[Source information]:
*** Block opens ***

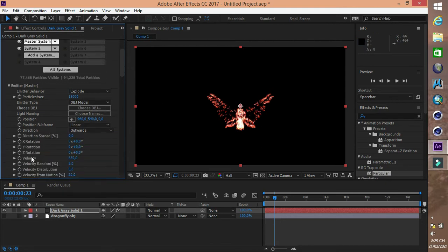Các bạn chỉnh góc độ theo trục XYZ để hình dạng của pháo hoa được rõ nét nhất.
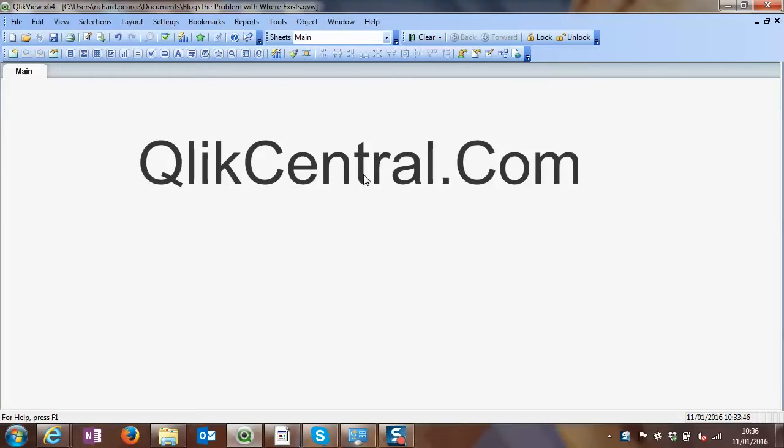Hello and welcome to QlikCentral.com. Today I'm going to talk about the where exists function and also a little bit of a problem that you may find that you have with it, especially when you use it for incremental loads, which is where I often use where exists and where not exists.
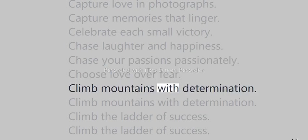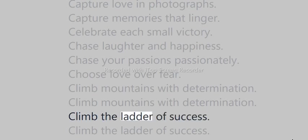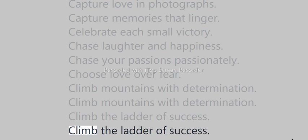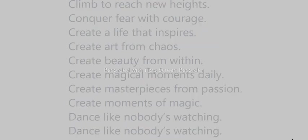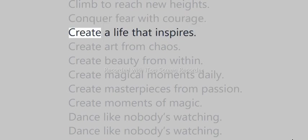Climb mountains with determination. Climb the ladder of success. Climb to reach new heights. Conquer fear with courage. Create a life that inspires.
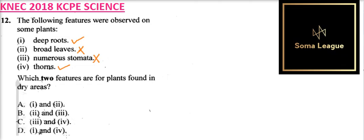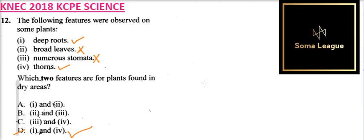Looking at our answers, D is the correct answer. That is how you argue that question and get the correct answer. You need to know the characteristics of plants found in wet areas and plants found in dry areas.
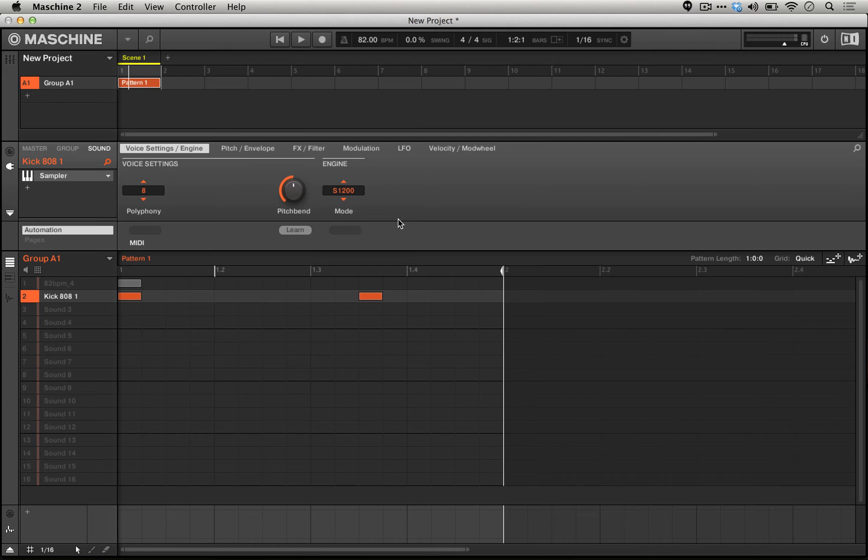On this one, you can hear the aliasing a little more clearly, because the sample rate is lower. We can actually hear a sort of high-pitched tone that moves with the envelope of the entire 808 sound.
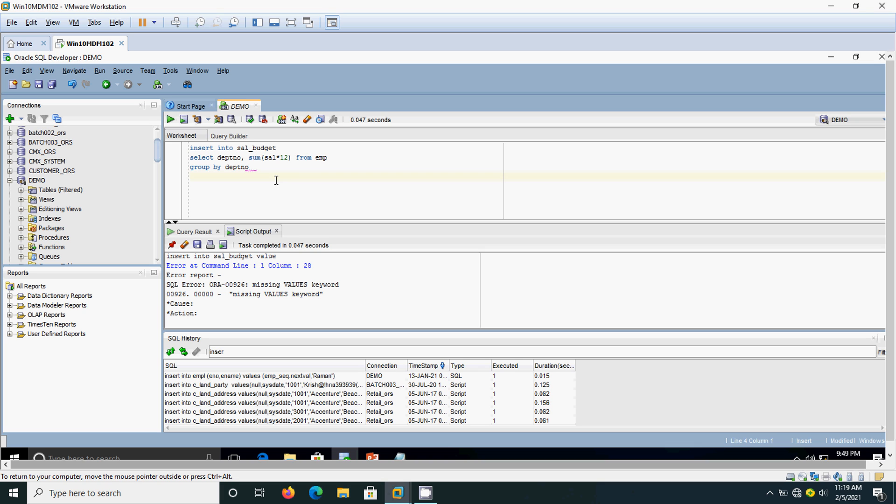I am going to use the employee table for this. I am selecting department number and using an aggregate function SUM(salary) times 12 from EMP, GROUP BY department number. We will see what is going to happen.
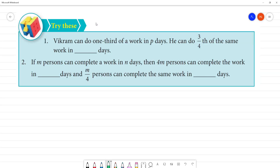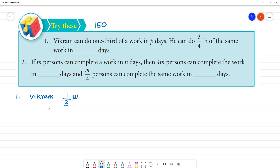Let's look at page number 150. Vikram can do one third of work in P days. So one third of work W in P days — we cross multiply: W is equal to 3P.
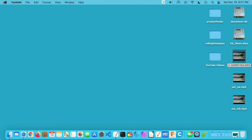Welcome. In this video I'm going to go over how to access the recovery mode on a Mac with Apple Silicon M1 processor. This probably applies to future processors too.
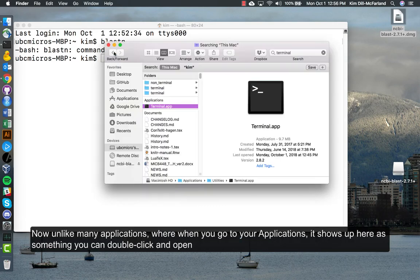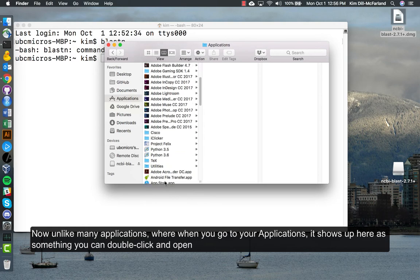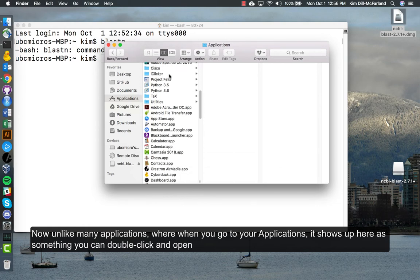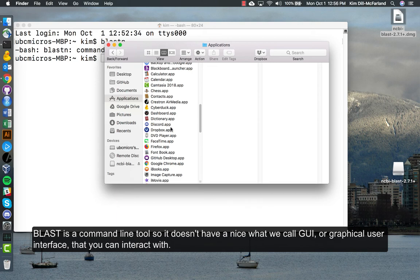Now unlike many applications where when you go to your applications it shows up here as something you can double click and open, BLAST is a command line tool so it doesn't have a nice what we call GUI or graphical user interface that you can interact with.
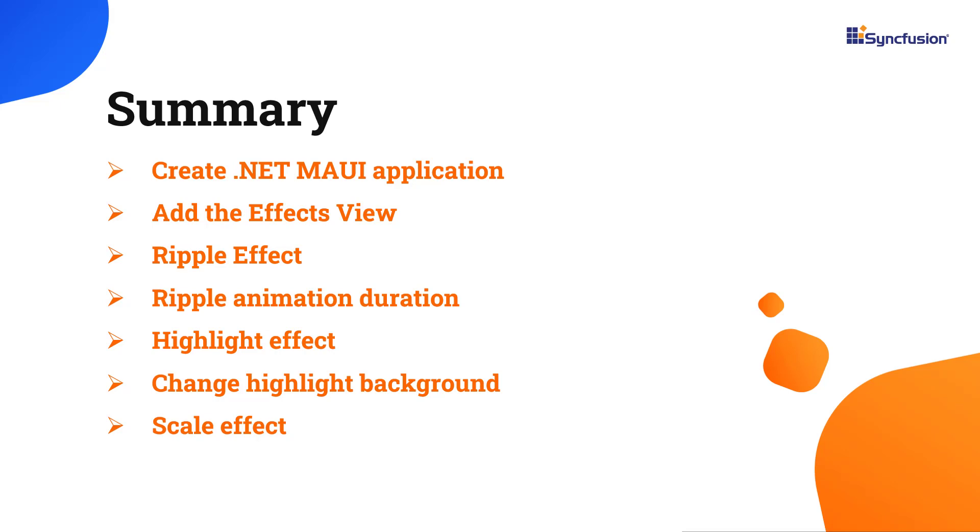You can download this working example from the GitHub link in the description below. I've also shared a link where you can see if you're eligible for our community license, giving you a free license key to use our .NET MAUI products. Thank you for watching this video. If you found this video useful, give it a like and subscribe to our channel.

*** Block closes ***
*** Block opens ***

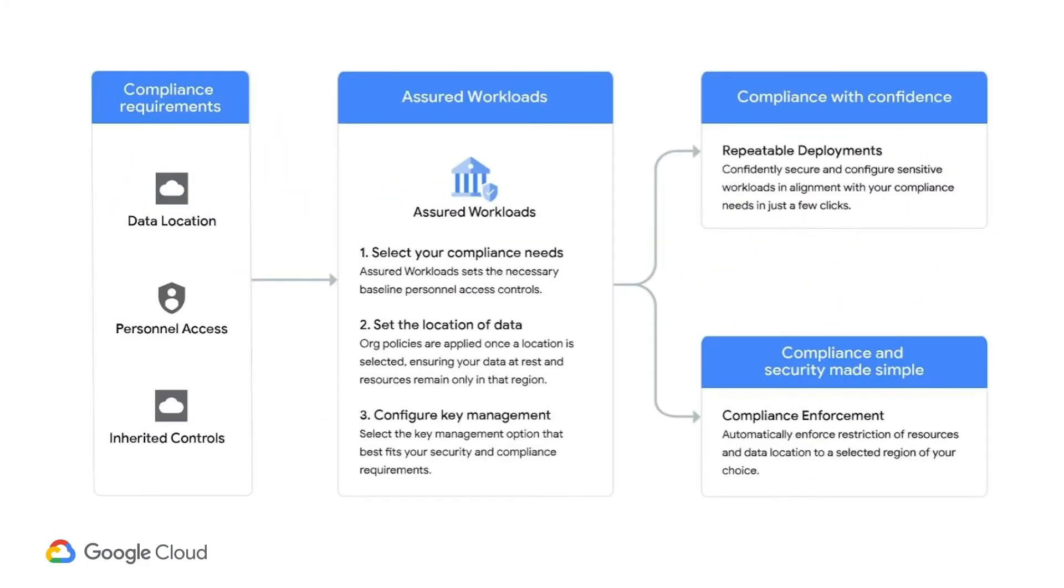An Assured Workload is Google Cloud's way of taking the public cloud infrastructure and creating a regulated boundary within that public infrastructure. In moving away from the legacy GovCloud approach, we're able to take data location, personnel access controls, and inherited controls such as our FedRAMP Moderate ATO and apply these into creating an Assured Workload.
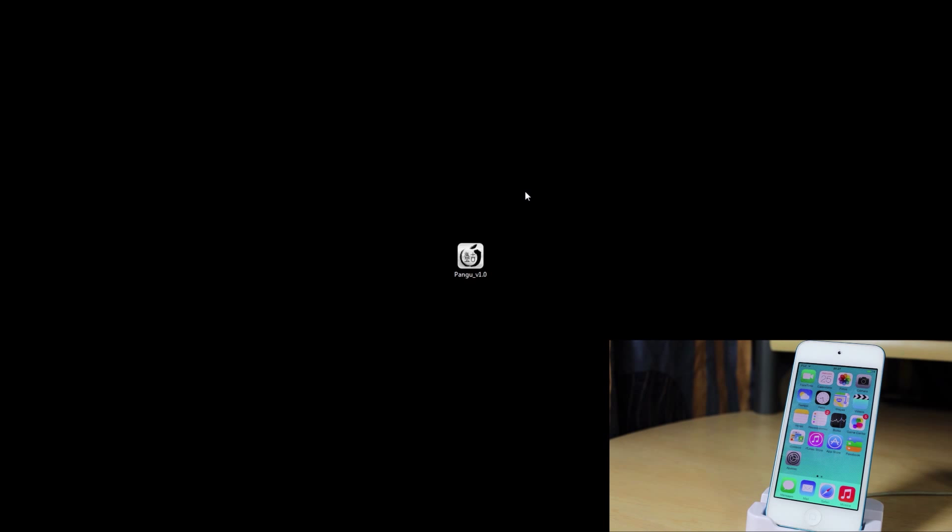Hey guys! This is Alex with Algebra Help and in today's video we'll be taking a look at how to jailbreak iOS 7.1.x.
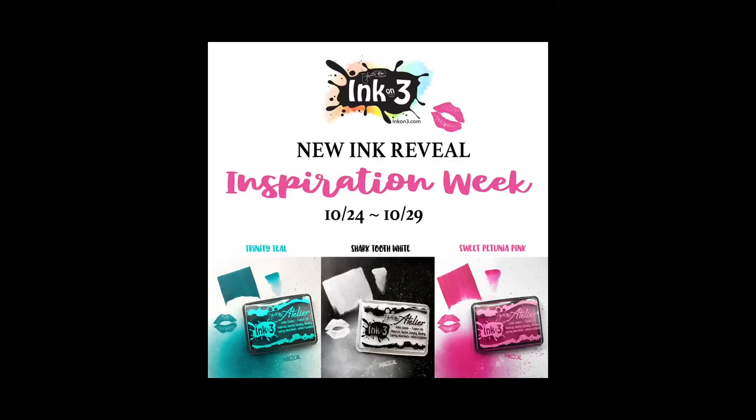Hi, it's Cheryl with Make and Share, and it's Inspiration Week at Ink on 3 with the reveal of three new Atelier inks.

*** Block closes ***

[Assignment]: When you reach the line with "Welcome. In this" in the records above, start writing out each line exactly, and stop after the line with "Now unlike many". Pictures stay out.

[Response to the task]:
Welcome. In this video I'm going to go over how to access the recovery mode on a Mac with Apple Silicon M1 processor. This probably applies to future processors too.
Now unlike many applications where when you go to your applications it shows up here as something you can double click and open, BLAST is a command line tool so it doesn't have a nice what we call GUI or graphical user interface that you can interact with.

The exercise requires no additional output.